**Exercise brief:** Your answer must be exactly the lines from the one containing "4keepers Champ Aqua" through the end of the material, both ends included, without pictures.

**Source material:**
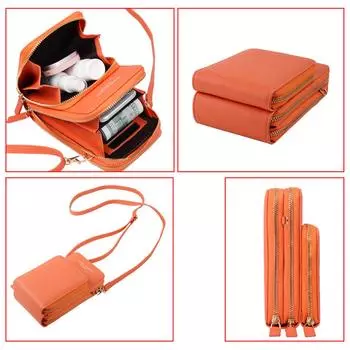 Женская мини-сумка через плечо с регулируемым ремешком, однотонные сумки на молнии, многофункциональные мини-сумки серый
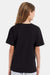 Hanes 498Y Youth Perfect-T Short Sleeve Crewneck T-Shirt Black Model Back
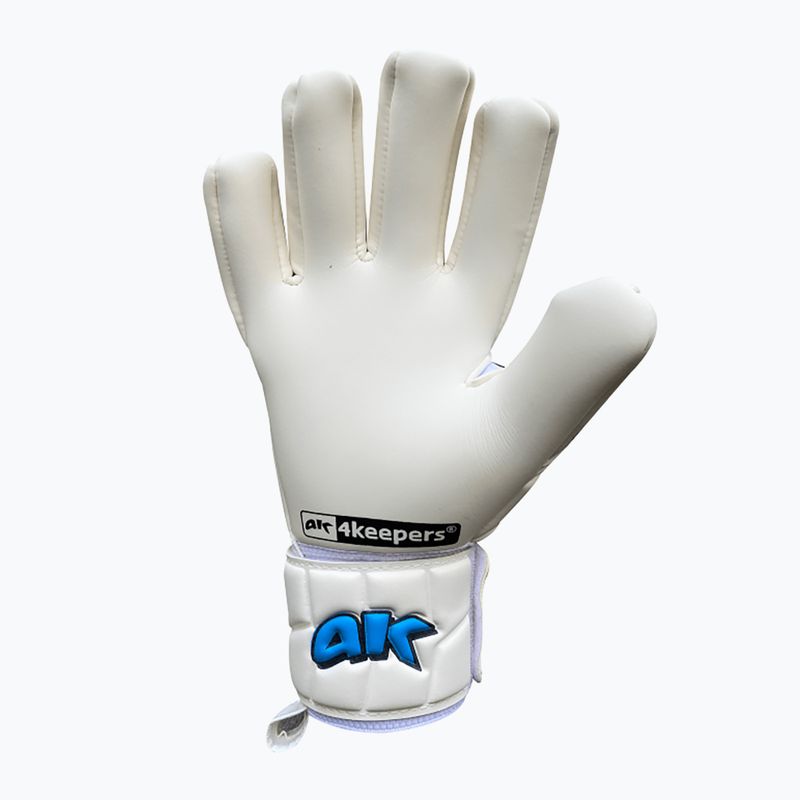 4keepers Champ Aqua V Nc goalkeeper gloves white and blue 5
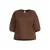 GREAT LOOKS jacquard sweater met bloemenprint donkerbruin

**Solution:**
 4keepers Champ Aqua V Nc goalkeeper gloves white and blue 5
 GREAT LOOKS jacquard sweater met bloemenprint donkerbruin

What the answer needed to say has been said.